CEDERBERG ROCK PAINTINGS AS A SOCIAL ARCHIVE

Emeritus Professor John Parkington, Department of Archaeology, University of Cape Town    

Monday 22–Tuesday 23 January 11.15 am COURSE FEES R220; Staff and students R110  

Many Cederberg rock paintings appear to depict social and life history events and to materialise these in lasting form to create a socially meaningful landscape. As many archaeologists have noted, hunter gatherer landscapes are more than topographic or ecological spaces; they are worlds created by repetitive living in and usages of ‘persistent places’. In this way identity and belonging are co-created along with place and landscape as mutually and inextricably linked concepts.

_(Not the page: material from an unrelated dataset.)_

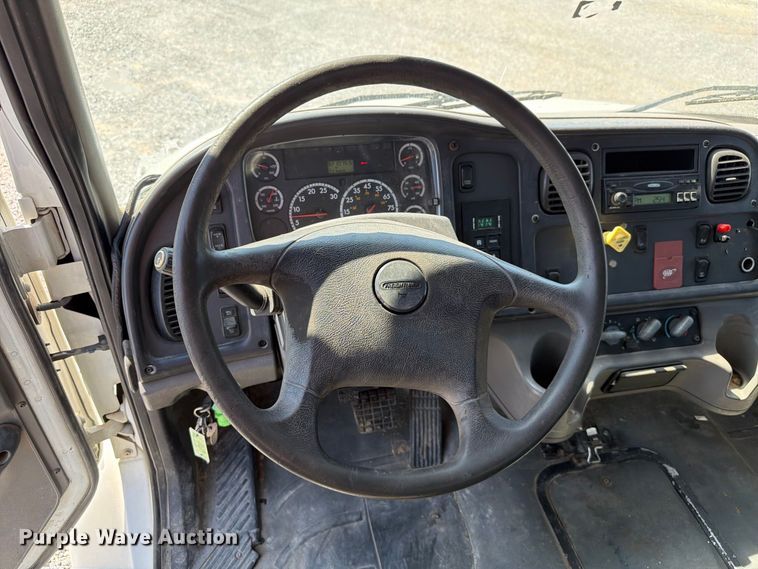 image for item EW8881 2007 Freightliner M2 flatbed truck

These entanglements include other living forms such as elephant communities, which are viewed as ‘other-than-human-persons’. In this course we exemplify this process by examining the rock paintings of the middle Brandewyn River in the Agter Pakhuis region of the Northern Cederberg.

Lecture titles

  1. Paintings of human figures
  2. Paintings of animal forms

Recommended reading

Basso, K.H. 1996. Wisdom sits in Places: Landscape and Language among the Western Apache. Albuquerque: University of New Mexico Press.

Guenther, M. 2015. Therefore their parts resemble humans, for they feel that they are people: Ontological flux in San myth, cosmology and belief. Hunter Gatherer Research 1.3: pp. 277–315.

Hill, E. 2013. Archaeology and Animal Persons: Toward a Prehistory of Human-Animal Relations. Environment and Society: Advances in Research 4: 117–136.

Parkington, J. and Alfers, J. 2022. Entangled Lives, Relational Ontology and Rock Paintings: Elephant and Human Figures in the Rock Art of the Western Cape, South Africa. Southern African Field Archaeology 17: article 1228.